There's No Such Thing as a Catholic Evangelical

Recently, Francis Beckwith, a respected philospher at Baylor University in Waco, Texas, announced his return to the Roman Catholic Church. That is interesting enough, given that Baylor is the flagship school of Texas Baptists. But Beckwith simultaneously resigned from the presidency of the Evangelical Theological Society (ETS), and later resigned from the organization entirely.

His reported reason for the latter move was apprehension about the contentious nature of the ETS, which has been roiled by sometimes-vituperative controversies–most recently over so-called open theism (a new form of evangelical theology, promulgated by Clark Pinnock, John Sanders, Greg Boyd, and others, that suggests that the future is “open” because even God does not know it for certain).

According, however, to the acting president of the ETS, Hassell Bullock of Wheaton College, Illinois, the main issue was simply that Beckwith, as a Roman Catholic, could no longer subscribe to the ETS’s statement of faith, which includes the following clause: “the Bible alone and the Bible in its entirety, is the Word of God written and is therefore inerrant in the autographs.”

Orthodox Roman Catholics certainly should affirm that “the Bible in its entirety is the Word of God written,” and they do. Catholic theologians from Thomas Aquinas to Benedict XVI would agree–and they would probably agree with something approaching inerrancy (the conviction that the Bible is without error), once carefully defined.

But no good Catholic would settle for “the Bible alone” as “the Word of God written.” For at least since the Council of Trent in the 16th century, which formalized Roman Catholic doctrine in the face of Protestant provocation, and again in the Second Vatican Council (1962-65), the Roman Catholic Church championed Tradition as an equally authoritative revelation from God.

(“Tradition” is understood here as the authoritative pronouncements of church councils, popes, eminent theologians, and others whom the Holy Spirit has directed to provide revelation to the Church beyond that contained in the Bible.)

This distinction is well understood by both sides of the Protestant-Catholic divide. That’s why the Catholic councils say so, and that’s why classical Protestant confessions and contemporary evangelical statements of faith say so.

What’s odd is that Professor Beckwith didn’t seem to think there was a problem here. He seems to have thought he could stay on as president of the ETS even after his move back to Catholicism, and then quietly leave office. He also seems to have thought that he could remain a member of ETS.

Up here in Canada in the mid-1990s, the late historian of Canadian religion, George Rawlyk of Queen’s University, notoriously announced that he and the Angus Reid polling company had found what Rawlyk called “Catho-Evangelicals,” people who held to evangelical beliefs within the Roman Catholic Church. This discovery caused something of a stir in the media, but it was a simple, and important, mistake.

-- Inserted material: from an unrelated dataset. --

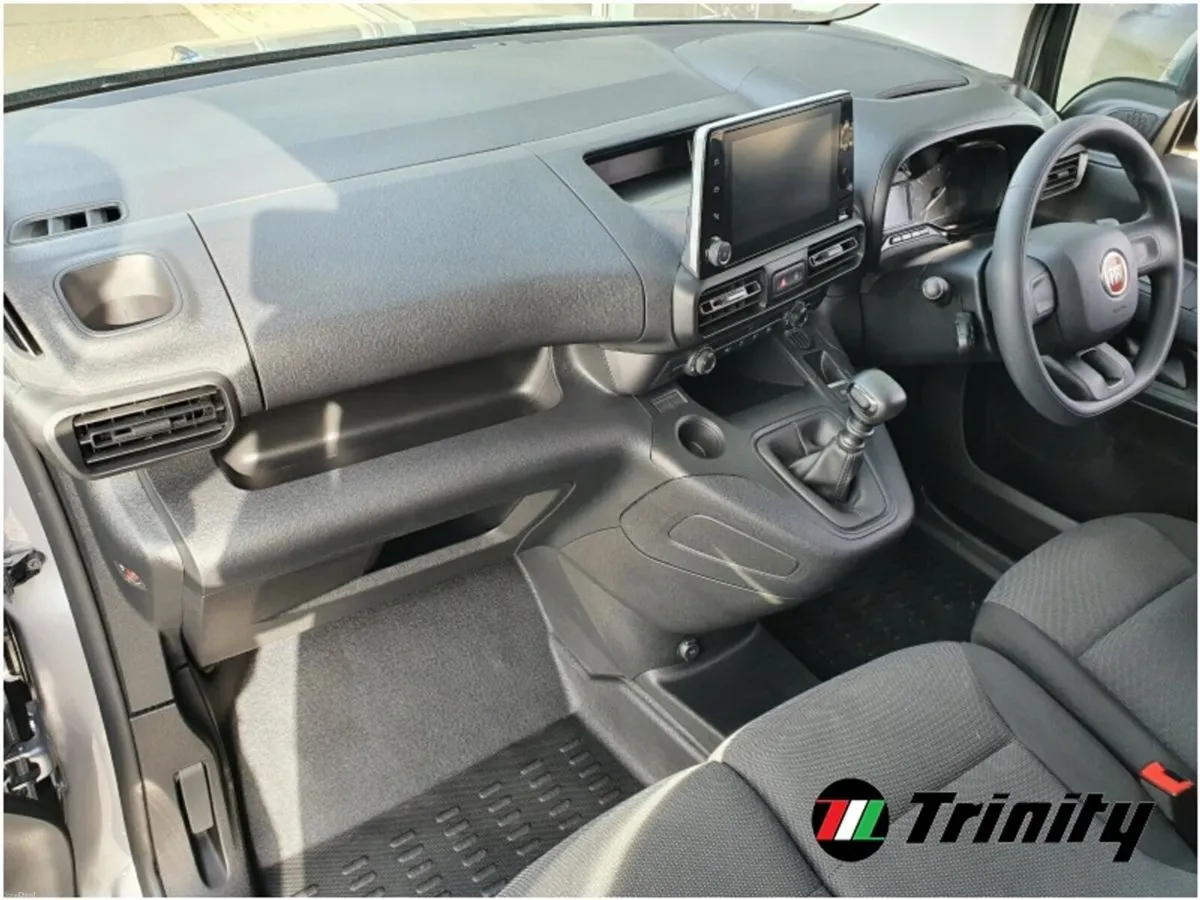 Fiat Doblo ** 4.9% FINANCE ** 5yr FIAT PRO WARRANT - Image 2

The pollsters had failed to distinguish between belief in the Bible as the Word of God written–which, again, any good Catholic would affirm–and belief in the Bible as uniquely authoritative as a text–which, again, no good Catholic should affirm.

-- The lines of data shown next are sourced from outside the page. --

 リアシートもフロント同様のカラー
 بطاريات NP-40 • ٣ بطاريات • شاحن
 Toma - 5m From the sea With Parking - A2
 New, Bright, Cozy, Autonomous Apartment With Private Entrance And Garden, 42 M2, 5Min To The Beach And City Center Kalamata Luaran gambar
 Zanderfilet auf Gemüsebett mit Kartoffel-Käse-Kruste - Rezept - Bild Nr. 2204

Yes, Catholics can be “evangelical” in the fundamental sense of believing and preaching and living the “evangel”–the good news of salvation in Jesus Christ. Even though I have many and deep disagreements with it, I gladly recognize Roman Catholicism as genuine Christianity (although I doubt that any Roman Catholics have been nervously waiting for my endorsement).

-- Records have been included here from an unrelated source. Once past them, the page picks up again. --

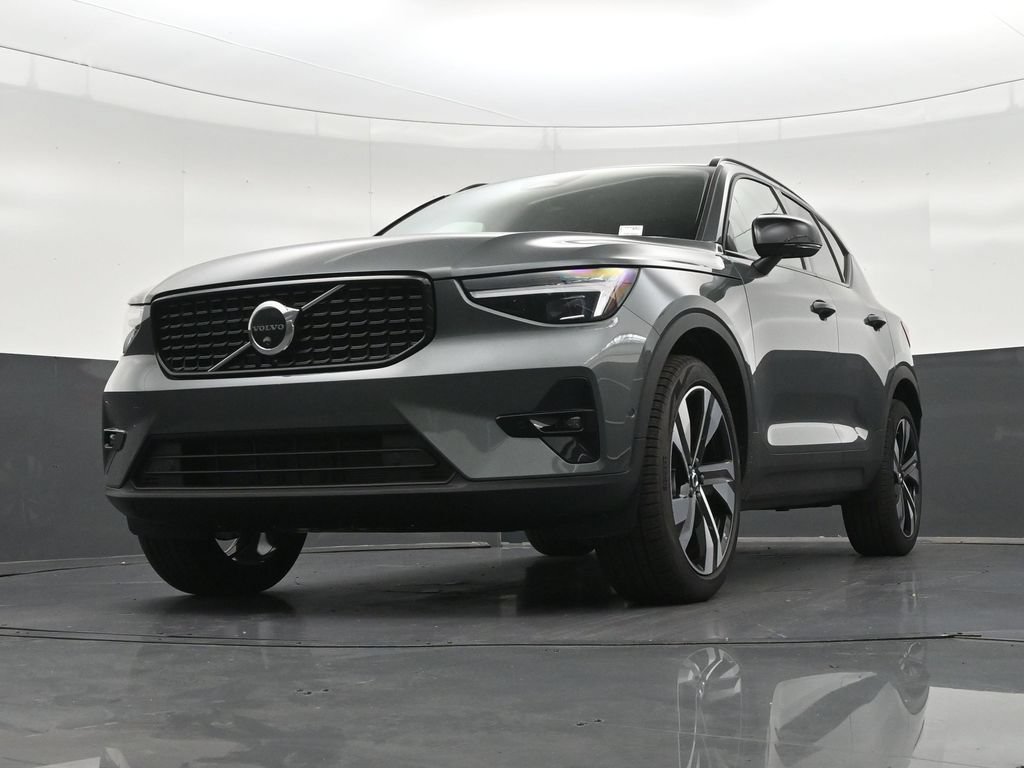 New 2026 Volvo XC40 B5 Plus w/ Climate Package AWD/4WD image 28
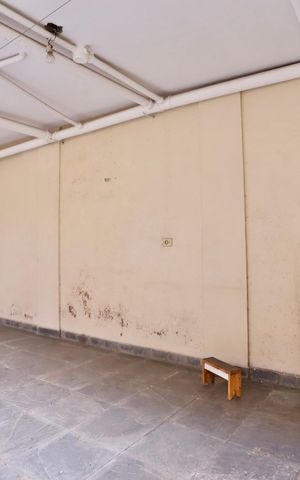 Casa à venda com 210m², 3 quartos e 3 vagas Casa à venda com 210m², 3 quartos e 3 vagasLavanderia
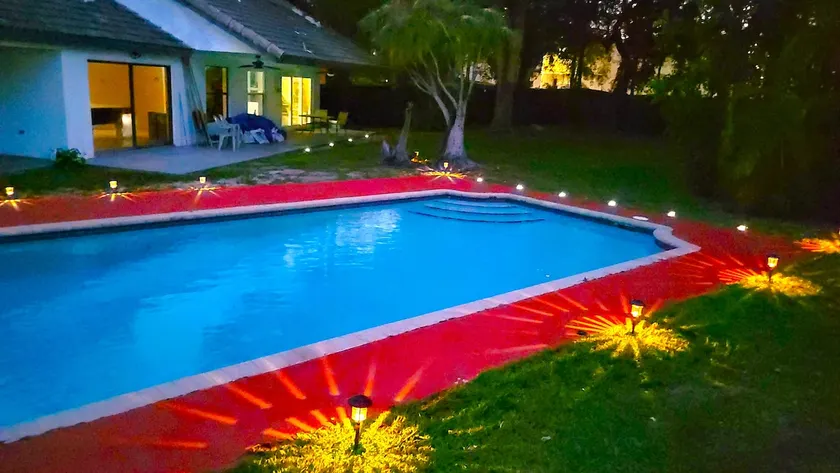 KING SUITE | BlG PRlVATE Backyard w. Pool | 2 LVRM - Image 1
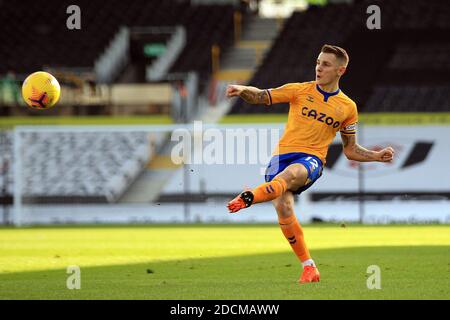 Londra, Regno Unito. 22 novembre 2020. Lucas Digne di Everton in azione durante il gioco. Premier League Match, Fulham contro Everton al Craven Cottage di Londra domenica 22 novembre 2020. Questa immagine può essere utilizzata solo per scopi editoriali. Solo per uso editoriale, è richiesta una licenza per uso commerciale. Nessun utilizzo nelle scommesse, nei giochi o nelle pubblicazioni di un singolo club/campionato/giocatore. pic by Steffan Bowen/Andrew Orchard sports photography/Alamy Live news Credit: Andrew Orchard sports photography/Alamy Live News Foto Stock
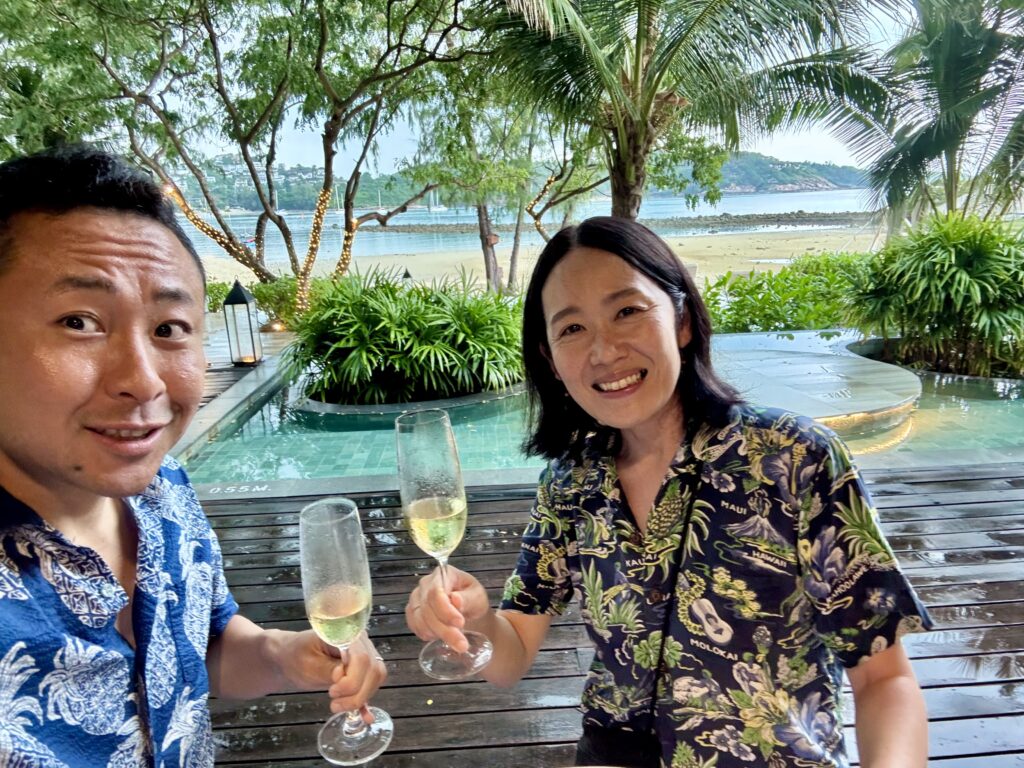 ケープファーンホテル カクテルタイムで乾杯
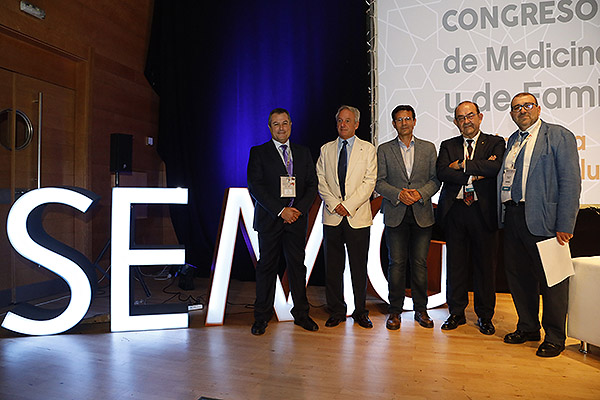 Higinio Flores, presidente de SEMG Andalucía y presidente del comité científico del congreso nacional; Diego Vargas, Francisco Cuenca, Antonio Fernández-Pro y Juan Manuel Niño.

But if we take “evangelical” as a noun, to denote those Christians who stand in the tradition of the eighteenth-century revivals and who belong today to the international fellowship of evangelical churches, organizations, and individuals, then there is simply no such thing as a Catholic evangelical.

Someone who belongs to the Catholic Church and in fact espouses truly evangelical beliefs therefore is an evangelical, of course, but not a Catholic: The two categories are simply mutually exclusive. The Roman Catholic Church says so, Protestant churches say so, and the ETS says so. It’s odd that anyone would say otherwise, therefore, but apparently some people still do….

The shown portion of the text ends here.